§ **About this exercise**: Exact wording is needed for every line from the one holding "Black & White" to the end of the records below; write those lines out and omit the pictures.

BEGIN

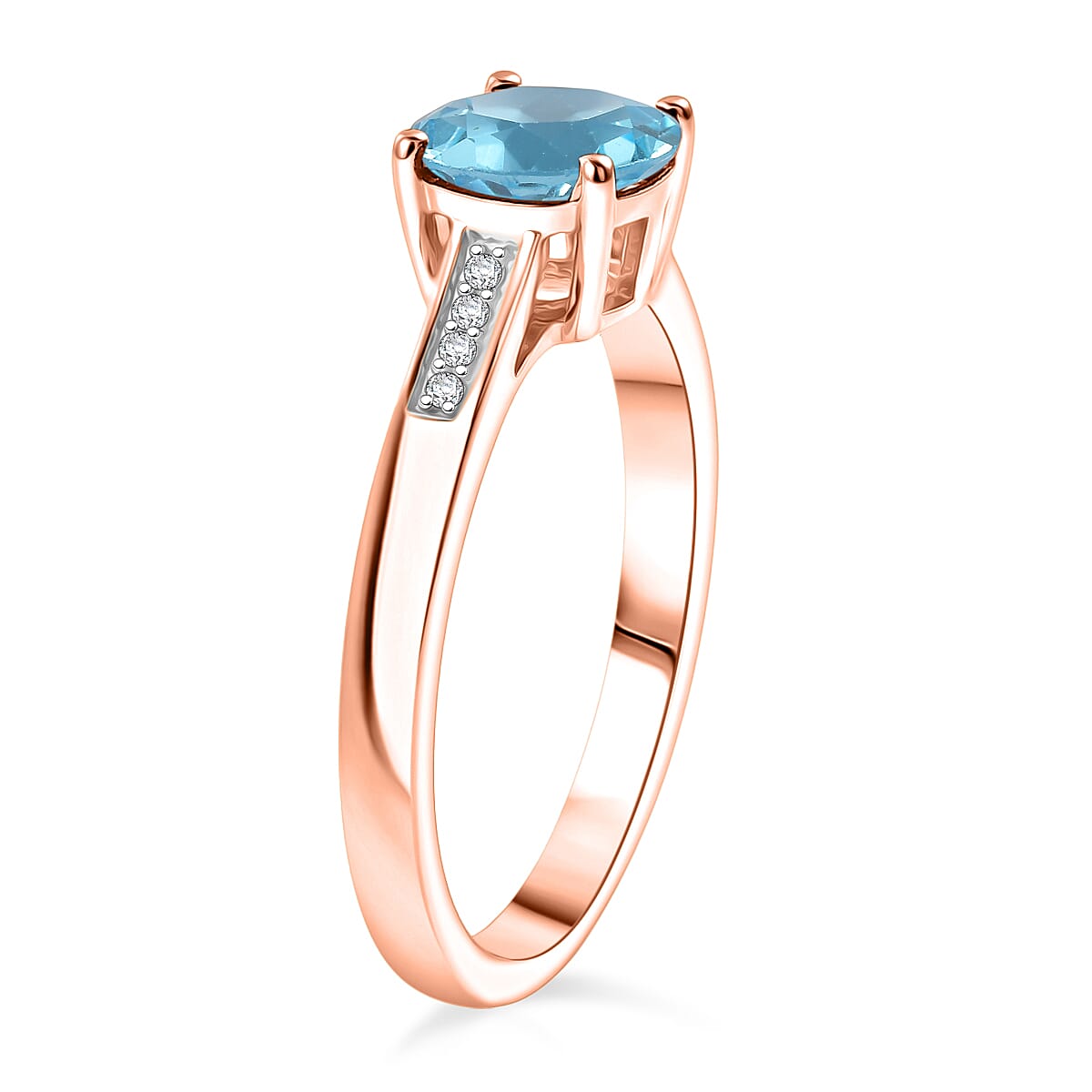 D'Joy Swiss Blue Topaz and White Zircon 1.85 ctw Ring in 18K Vermeil Rose Gold Over Sterling Silver (Size 6.0) image number 3
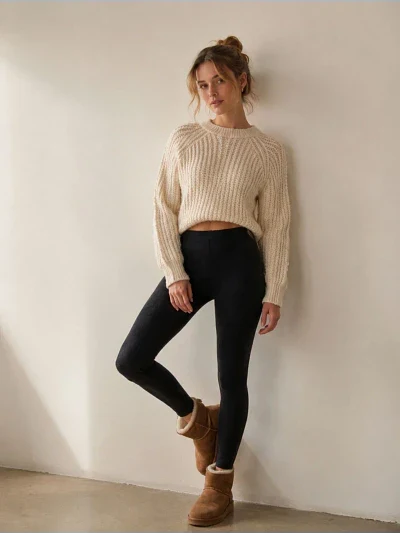 50 Thermal Layering Outfits for Cold January Days That Are Chic, Warm and Elegant 3 Grey Thermal Top under a Cream Knit Sweater with Black Leggings and Brown Ankle Boots
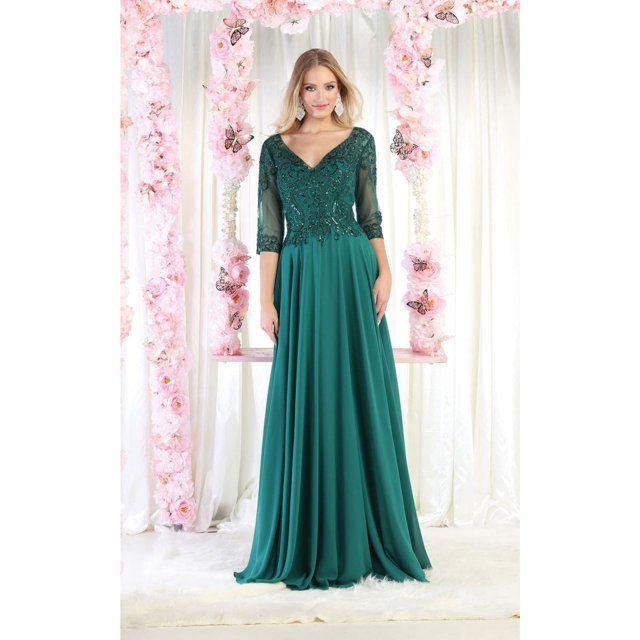 May Queen MQ1936 Robe Trapèze en Mousseline Brodée pour Mère de la Mariée pour Femmes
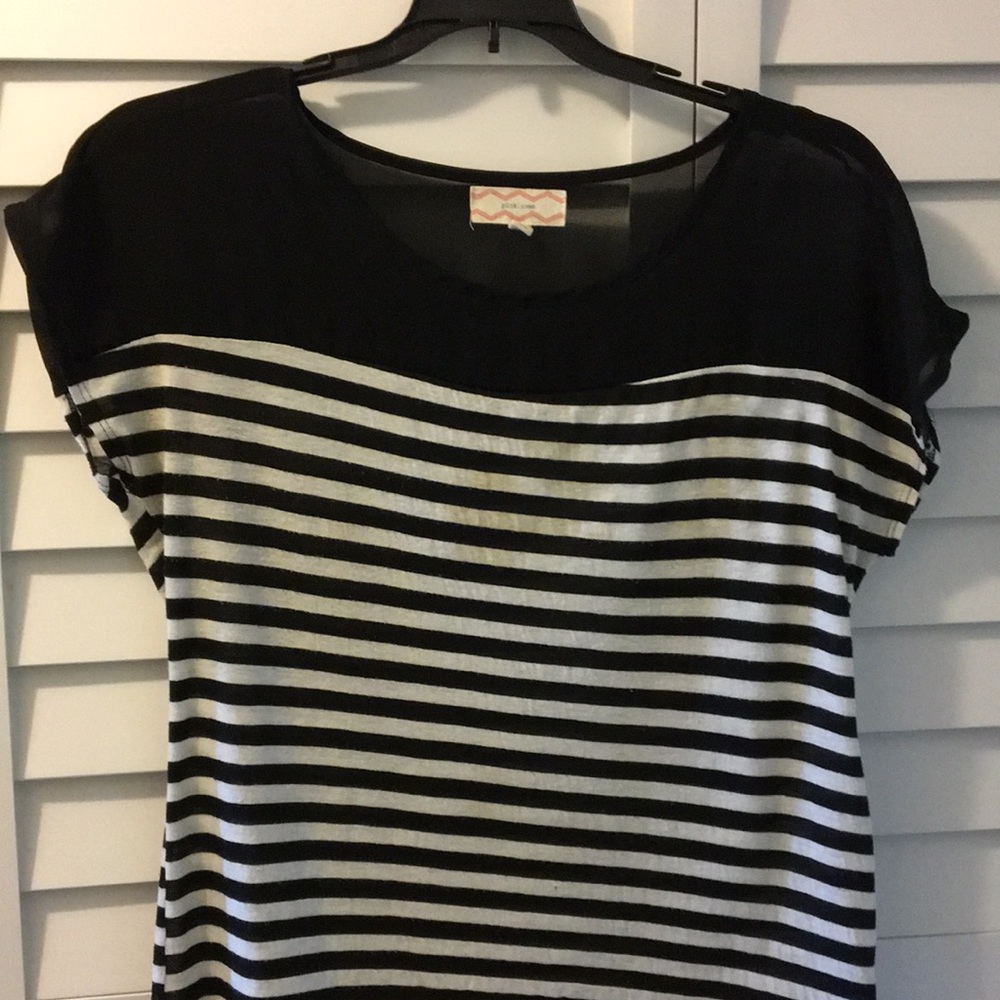 Black & White Stripe with Black Illusion on Top Cap Sleeve Top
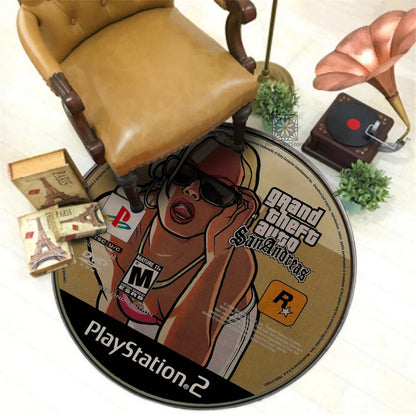 Grand Theft Auto Rug, GTA CD Carpet, Game Room Decor, Gaming Chair Mat, GTA Character Poster Rug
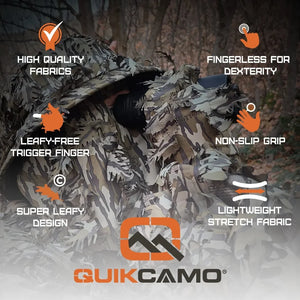 Leafy Camo Gloves in Mossy Oak and Realtree - Fingerless or Touchscreen Tips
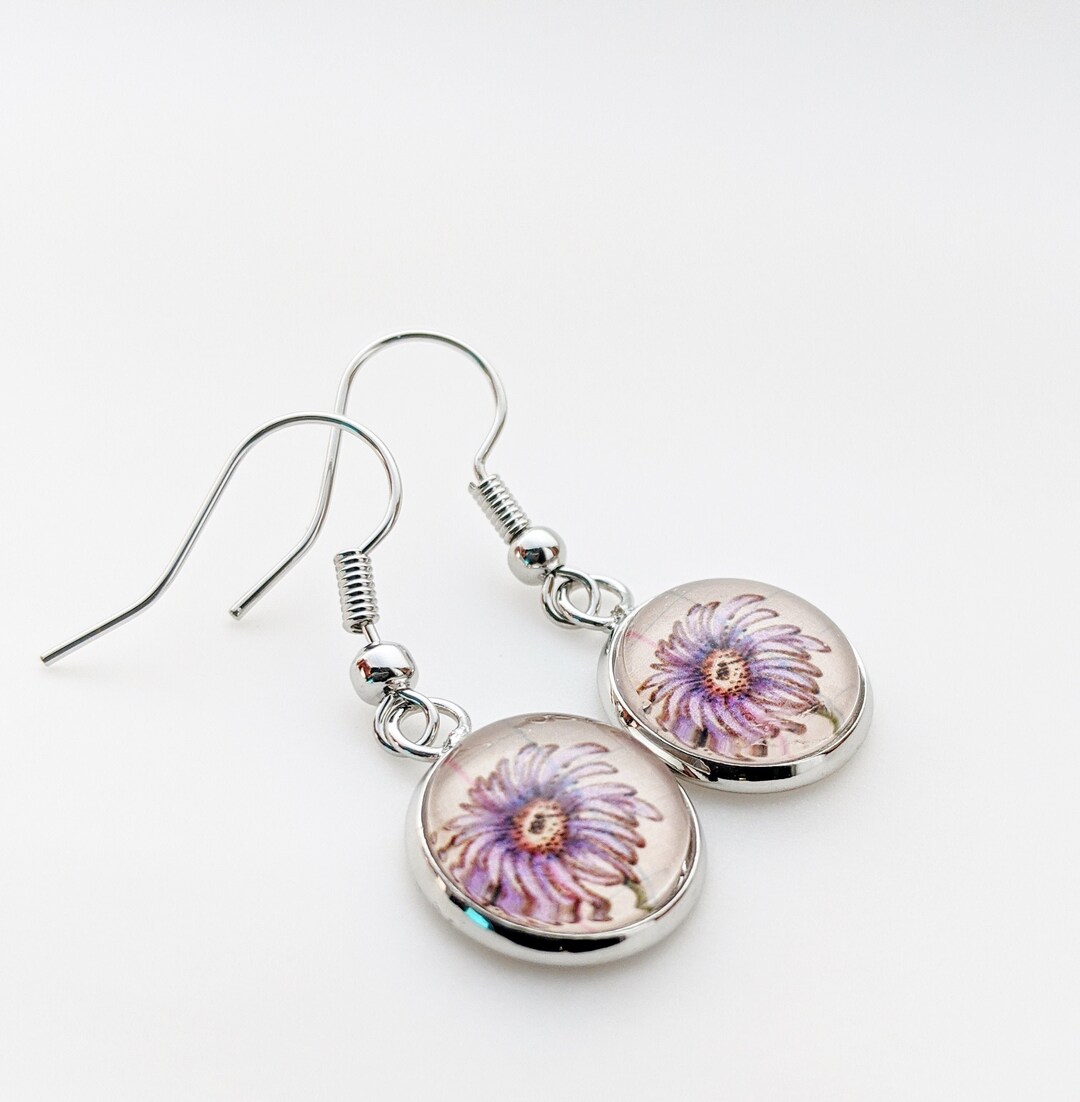Aster September Flower Drop Earring Set - Etsy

END

§ **Solution for this exercise**:
 Black & White Stripe with Black Illusion on Top Cap Sleeve Top
 Grand Theft Auto Rug, GTA CD Carpet, Game Room Decor, Gaming Chair Mat, GTA Character Poster Rug
 Leafy Camo Gloves in Mossy Oak and Realtree - Fingerless or Touchscreen Tips
Aster September Flower Drop Earring Set - Etsy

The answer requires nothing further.